* **What needs to be done**: Below are the entries; give again exactly the lines from the one mentioning "7 causas de" through the one mentioning "spécimen de Rubus mutabilis", inclusive.

* **Input for this task**:
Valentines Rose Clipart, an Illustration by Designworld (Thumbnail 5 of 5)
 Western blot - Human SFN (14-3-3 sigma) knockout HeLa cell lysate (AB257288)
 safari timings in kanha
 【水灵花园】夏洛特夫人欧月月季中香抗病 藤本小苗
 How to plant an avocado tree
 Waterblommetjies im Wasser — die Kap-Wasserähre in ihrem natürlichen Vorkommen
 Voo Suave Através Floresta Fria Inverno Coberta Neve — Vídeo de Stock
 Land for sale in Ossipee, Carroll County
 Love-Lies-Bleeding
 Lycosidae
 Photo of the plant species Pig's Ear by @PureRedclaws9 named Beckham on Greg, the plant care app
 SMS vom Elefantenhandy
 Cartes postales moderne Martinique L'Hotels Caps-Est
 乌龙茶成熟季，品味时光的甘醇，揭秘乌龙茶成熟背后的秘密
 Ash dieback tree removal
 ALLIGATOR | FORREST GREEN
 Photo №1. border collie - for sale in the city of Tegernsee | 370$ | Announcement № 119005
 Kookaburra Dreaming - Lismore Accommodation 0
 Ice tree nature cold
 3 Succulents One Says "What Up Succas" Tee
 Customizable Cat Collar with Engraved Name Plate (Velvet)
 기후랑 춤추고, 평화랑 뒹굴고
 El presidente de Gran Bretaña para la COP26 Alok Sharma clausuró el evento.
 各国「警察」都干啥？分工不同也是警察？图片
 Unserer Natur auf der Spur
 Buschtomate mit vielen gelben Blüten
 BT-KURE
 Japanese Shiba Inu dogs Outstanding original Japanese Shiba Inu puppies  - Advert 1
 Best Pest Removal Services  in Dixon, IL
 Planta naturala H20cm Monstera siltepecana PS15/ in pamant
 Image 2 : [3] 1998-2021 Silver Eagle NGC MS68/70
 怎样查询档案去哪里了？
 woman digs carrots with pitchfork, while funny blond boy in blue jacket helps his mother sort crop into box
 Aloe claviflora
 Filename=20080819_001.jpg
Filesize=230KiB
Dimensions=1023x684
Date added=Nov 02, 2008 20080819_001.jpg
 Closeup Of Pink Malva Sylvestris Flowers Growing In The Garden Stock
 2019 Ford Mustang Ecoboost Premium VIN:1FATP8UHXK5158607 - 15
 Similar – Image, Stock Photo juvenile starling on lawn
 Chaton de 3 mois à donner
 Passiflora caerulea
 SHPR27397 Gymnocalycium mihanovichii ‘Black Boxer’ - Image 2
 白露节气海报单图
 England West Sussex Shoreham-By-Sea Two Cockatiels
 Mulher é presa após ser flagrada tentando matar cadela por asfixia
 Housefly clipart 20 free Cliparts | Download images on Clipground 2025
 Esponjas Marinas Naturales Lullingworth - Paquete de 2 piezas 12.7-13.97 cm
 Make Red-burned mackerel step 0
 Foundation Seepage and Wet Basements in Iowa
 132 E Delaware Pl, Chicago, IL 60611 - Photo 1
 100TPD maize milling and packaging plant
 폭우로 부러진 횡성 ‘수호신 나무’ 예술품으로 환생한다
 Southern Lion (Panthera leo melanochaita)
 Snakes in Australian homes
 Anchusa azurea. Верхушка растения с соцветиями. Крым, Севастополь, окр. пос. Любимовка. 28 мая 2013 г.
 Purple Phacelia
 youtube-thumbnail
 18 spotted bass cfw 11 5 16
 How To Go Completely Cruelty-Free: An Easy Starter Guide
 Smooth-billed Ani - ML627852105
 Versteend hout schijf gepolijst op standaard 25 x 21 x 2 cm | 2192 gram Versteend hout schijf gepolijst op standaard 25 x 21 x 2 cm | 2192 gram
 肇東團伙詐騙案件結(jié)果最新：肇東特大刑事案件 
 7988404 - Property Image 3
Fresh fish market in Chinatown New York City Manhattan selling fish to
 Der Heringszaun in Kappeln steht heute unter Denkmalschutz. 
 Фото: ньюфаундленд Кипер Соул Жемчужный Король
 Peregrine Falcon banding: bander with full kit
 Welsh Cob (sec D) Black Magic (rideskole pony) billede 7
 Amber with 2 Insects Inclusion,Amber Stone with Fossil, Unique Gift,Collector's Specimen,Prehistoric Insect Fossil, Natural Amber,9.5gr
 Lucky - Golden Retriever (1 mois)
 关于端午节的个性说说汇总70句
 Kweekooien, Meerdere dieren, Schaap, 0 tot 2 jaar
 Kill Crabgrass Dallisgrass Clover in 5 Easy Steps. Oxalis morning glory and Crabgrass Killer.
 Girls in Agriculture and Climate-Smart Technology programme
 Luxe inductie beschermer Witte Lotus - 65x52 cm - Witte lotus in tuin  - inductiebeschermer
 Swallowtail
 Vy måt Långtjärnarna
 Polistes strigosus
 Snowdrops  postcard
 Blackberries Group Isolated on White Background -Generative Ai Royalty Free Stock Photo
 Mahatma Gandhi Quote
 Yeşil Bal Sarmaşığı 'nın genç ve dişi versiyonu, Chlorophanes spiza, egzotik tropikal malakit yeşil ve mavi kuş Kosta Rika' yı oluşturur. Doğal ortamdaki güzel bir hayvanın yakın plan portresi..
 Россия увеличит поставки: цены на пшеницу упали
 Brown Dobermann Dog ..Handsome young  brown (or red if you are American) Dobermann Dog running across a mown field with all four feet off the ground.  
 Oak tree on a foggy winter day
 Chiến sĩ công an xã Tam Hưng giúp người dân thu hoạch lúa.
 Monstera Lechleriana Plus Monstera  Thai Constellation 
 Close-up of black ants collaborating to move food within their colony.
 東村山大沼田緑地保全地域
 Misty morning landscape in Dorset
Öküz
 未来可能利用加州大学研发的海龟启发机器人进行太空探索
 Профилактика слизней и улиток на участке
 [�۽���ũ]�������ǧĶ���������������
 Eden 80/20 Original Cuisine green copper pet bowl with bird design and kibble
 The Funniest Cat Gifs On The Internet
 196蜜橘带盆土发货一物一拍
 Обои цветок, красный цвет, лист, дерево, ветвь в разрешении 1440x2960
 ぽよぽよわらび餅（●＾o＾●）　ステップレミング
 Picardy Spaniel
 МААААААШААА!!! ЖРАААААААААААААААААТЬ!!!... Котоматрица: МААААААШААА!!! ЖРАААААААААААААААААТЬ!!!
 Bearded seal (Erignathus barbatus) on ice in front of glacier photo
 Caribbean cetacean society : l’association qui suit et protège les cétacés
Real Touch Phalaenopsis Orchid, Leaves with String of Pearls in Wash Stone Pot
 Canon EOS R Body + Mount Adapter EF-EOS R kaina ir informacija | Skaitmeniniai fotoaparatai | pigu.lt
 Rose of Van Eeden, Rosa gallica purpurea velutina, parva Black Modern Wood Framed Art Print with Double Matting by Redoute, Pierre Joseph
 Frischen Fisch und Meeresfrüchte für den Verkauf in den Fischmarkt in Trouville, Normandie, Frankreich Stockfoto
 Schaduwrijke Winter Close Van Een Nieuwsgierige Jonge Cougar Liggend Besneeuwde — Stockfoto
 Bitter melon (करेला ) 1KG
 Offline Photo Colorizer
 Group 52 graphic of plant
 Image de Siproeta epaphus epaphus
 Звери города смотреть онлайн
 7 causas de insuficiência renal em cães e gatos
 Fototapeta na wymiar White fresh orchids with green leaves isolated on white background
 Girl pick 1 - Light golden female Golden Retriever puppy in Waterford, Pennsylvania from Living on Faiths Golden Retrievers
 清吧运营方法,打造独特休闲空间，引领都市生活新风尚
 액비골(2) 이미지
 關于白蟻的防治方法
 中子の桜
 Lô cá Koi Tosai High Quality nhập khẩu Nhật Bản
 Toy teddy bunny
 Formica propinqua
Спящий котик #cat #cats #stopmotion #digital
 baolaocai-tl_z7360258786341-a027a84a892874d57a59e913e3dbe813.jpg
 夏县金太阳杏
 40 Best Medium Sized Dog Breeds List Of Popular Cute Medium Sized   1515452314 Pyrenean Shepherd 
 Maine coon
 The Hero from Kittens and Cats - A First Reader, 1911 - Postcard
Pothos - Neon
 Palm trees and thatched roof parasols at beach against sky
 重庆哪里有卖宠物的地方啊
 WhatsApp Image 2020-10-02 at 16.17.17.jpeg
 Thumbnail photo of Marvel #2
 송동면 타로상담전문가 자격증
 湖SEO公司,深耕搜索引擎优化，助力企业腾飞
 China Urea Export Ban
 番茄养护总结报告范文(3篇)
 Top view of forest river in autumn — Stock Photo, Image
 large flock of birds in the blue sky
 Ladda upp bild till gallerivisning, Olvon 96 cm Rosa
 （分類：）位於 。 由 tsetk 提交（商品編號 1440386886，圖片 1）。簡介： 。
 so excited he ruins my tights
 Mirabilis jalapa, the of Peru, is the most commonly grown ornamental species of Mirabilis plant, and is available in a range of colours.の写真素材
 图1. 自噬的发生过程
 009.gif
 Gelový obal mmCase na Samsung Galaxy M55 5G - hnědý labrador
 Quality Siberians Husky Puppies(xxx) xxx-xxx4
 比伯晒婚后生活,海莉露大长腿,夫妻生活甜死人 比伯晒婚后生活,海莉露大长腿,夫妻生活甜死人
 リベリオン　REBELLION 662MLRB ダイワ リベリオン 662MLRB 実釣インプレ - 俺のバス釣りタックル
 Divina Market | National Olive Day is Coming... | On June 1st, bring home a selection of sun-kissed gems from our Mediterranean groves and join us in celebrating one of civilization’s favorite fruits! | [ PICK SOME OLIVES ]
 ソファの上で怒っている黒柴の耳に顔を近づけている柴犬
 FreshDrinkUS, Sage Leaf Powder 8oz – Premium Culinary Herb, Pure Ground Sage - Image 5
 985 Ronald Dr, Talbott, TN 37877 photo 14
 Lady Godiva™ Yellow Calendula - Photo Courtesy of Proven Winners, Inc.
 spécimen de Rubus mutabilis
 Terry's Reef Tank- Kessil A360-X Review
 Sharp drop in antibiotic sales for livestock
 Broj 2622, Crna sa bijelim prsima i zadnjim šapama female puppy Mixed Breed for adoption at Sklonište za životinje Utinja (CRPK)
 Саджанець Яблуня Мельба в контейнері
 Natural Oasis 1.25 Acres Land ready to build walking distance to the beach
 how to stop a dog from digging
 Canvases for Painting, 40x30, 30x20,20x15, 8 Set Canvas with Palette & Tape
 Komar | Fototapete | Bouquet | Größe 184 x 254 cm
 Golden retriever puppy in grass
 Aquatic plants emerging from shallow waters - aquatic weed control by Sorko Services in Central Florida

* **Response**:
 7 causas de insuficiência renal em cães e gatos
 Fototapeta na wymiar White fresh orchids with green leaves isolated on white background
 Girl pick 1 - Light golden female Golden Retriever puppy in Waterford, Pennsylvania from Living on Faiths Golden Retrievers
 清吧运营方法,打造独特休闲空间，引领都市生活新风尚
 액비골(2) 이미지
 關于白蟻的防治方法
 中子の桜
 Lô cá Koi Tosai High Quality nhập khẩu Nhật Bản
 Toy teddy bunny
 Formica propinqua
Спящий котик #cat #cats #stopmotion #digital
 baolaocai-tl_z7360258786341-a027a84a892874d57a59e913e3dbe813.jpg
 夏县金太阳杏
 40 Best Medium Sized Dog Breeds List Of Popular Cute Medium Sized   1515452314 Pyrenean Shepherd 
 Maine coon
 The Hero from Kittens and Cats - A First Reader, 1911 - Postcard
Pothos - Neon
 Palm trees and thatched roof parasols at beach against sky
 重庆哪里有卖宠物的地方啊
 WhatsApp Image 2020-10-02 at 16.17.17.jpeg
 Thumbnail photo of Marvel #2
 송동면 타로상담전문가 자격증
 湖SEO公司,深耕搜索引擎优化，助力企业腾飞
 China Urea Export Ban
 番茄养护总结报告范文(3篇)
 Top view of forest river in autumn — Stock Photo, Image
 large flock of birds in the blue sky
 Ladda upp bild till gallerivisning, Olvon 96 cm Rosa
 （分類：）位於 。 由 tsetk 提交（商品編號 1440386886，圖片 1）。簡介： 。
 so excited he ruins my tights
 Mirabilis jalapa, the of Peru, is the most commonly grown ornamental species of Mirabilis plant, and is available in a range of colours.の写真素材
 图1. 自噬的发生过程
 009.gif
 Gelový obal mmCase na Samsung Galaxy M55 5G - hnědý labrador
 Quality Siberians Husky Puppies(xxx) xxx-xxx4
 比伯晒婚后生活,海莉露大长腿,夫妻生活甜死人 比伯晒婚后生活,海莉露大长腿,夫妻生活甜死人
 リベリオン　REBELLION 662MLRB ダイワ リベリオン 662MLRB 実釣インプレ - 俺のバス釣りタックル
 Divina Market | National Olive Day is Coming... | On June 1st, bring home a selection of sun-kissed gems from our Mediterranean groves and join us in celebrating one of civilization’s favorite fruits! | [ PICK SOME OLIVES ]
 ソファの上で怒っている黒柴の耳に顔を近づけている柴犬
 FreshDrinkUS, Sage Leaf Powder 8oz – Premium Culinary Herb, Pure Ground Sage - Image 5
 985 Ronald Dr, Talbott, TN 37877 photo 14
 Lady Godiva™ Yellow Calendula - Photo Courtesy of Proven Winners, Inc.
 spécimen de Rubus mutabilis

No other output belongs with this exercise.